Above: Anton Smit’s Faith sculpture at Delaire Graff Estate
Most of us start out in life as rather eager artists. Our first art studios are the creches or primary schools of our youth or the tables of our family homes (also, sometimes the canvas itself, along with the walls and bed linen for the more avant-garde little ones).
Our first materials are any pencil, pastel, play-dough or paint we can find; sometimes toes and fingers replace paint brushes, but the idea is the same. We engage in art for fun, as part of the explorations typical of childhood. Some of us create our art for chaos sake, or to express an emotion we don’t have words for, or that words are not enough for. Sometimes we do it for reward – the approving smile or words of affirmation from our teachers and parents. Not much has changed for the men and women of the brush or charcoal stick, clay or pottery wheel.
Art’s purpose, our purpose in pursuing art, goes far beyond the simple statement, “art for art’s sake.”
Alain de Botton, the Swiss-born, British-based philosopher and television presenter, sees art as a form of therapy. In his book, Art as Therapy, he proposes that art has a clear function: as a therapeutic tool to help us lead more fulfilled lives.
He concludes that the belief that art should be ‘for art’s sake’ has unnecessarily held back art from revealing its latent therapeutic potential and that it can, in fact, help us with our most intimate and ordinary dilemmas, such as: What can I do about the difficulties in my relationships? Why is my work not more satisfying? Why do other people seem to have a more glamorous life? Why is politics so depressing?
Above: Ellerman House
The book explains how to go about using art in this way, outlining these seven main functions of art below – to paraphrase from the book (if you’re interested in finding out more, click here):
- Remembering – Art makes memorable and renewable the fruits of experience, helps to keep precious things and our best insights in good condition and publicly accessible
- Hope – Art keeps pleasant and cheering things in view. It knows we despair too easily.

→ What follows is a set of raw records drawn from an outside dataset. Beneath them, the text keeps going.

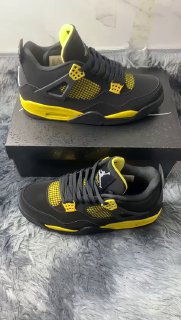 Zapatilla Jordan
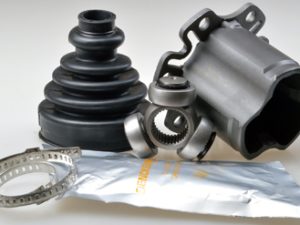 Cap planetara DENCKERMANN C120509 – FORD | AutoRival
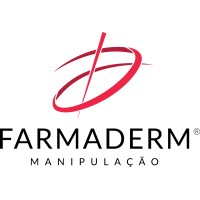Farmaderm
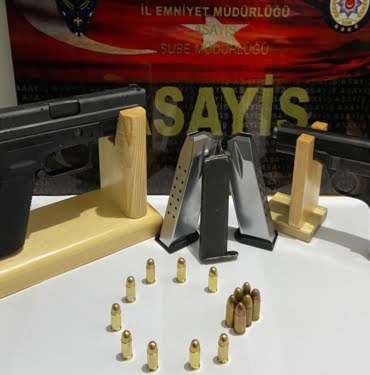 WhatsApp Image 2022-09-14 at 10.24.40 (1)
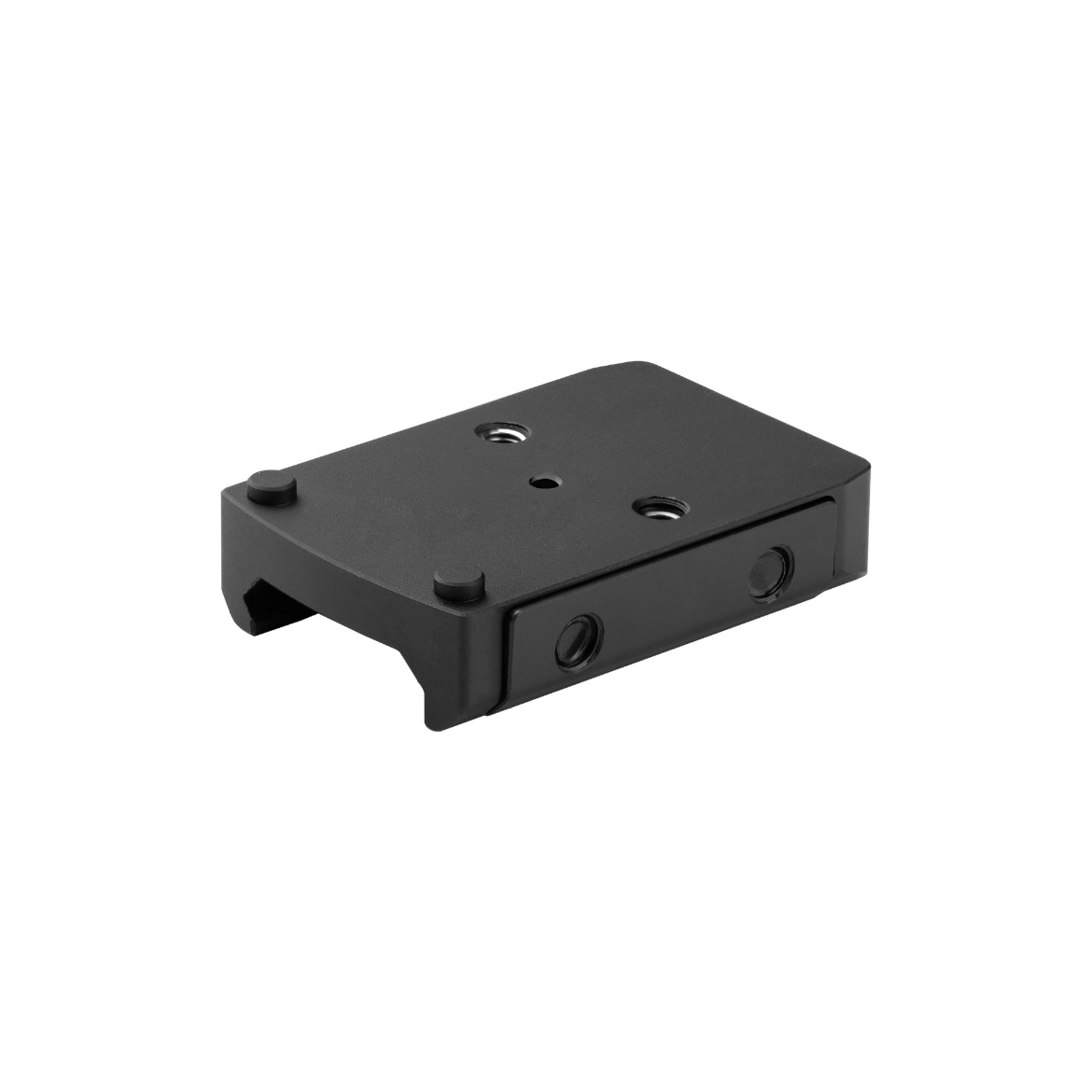Picture of OLIGHT RMR TO PICATINNY MOUNT LOW - SUITS OSIGHT RED DOT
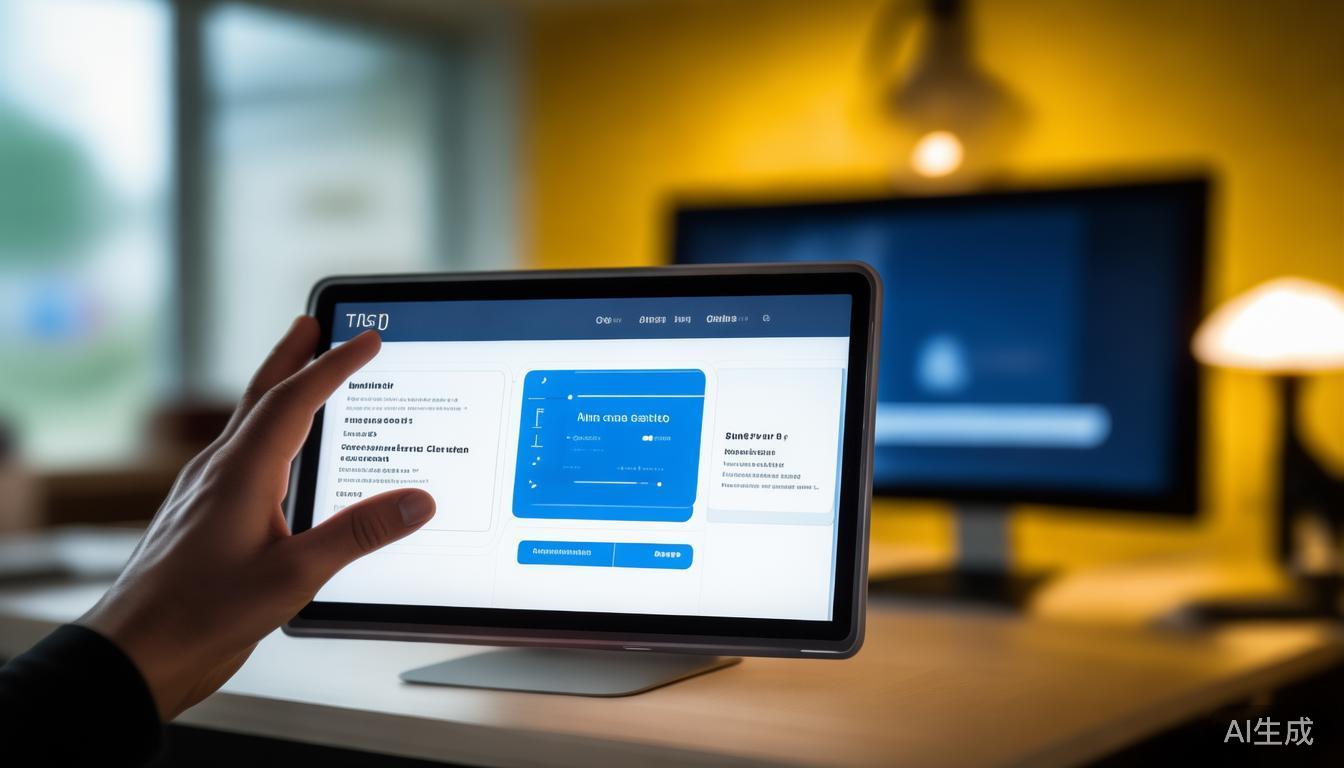 加密货币提币等待久？网络拥堵是关键，这些要点要知道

- Sorrow – Art reminds us of the legitimate place of sorrow in a good life so that we panic less about our difficulties and recognise them as parts of a noble existence
- Rebalancing – Art shows us the essence of our good qualities and helps rebalance our natures and direct us towards our best possibilities.
- Self-understanding – Art is a guide to self-knowledge and can help us identify what is central to ourseles but hard to put into words. We can hold up art objects and say, confusedly but importantly, “This is me.”
- Growth – Art is an accumulation of the experiences of others, the voices of other cultures, presented to us in well-shaped, well organised forms. Our engagement with it stretches our notions of ourselves and our world, introduces us to new ideas and attitudes, and so helps to enrich us, make us better versions of ourselves.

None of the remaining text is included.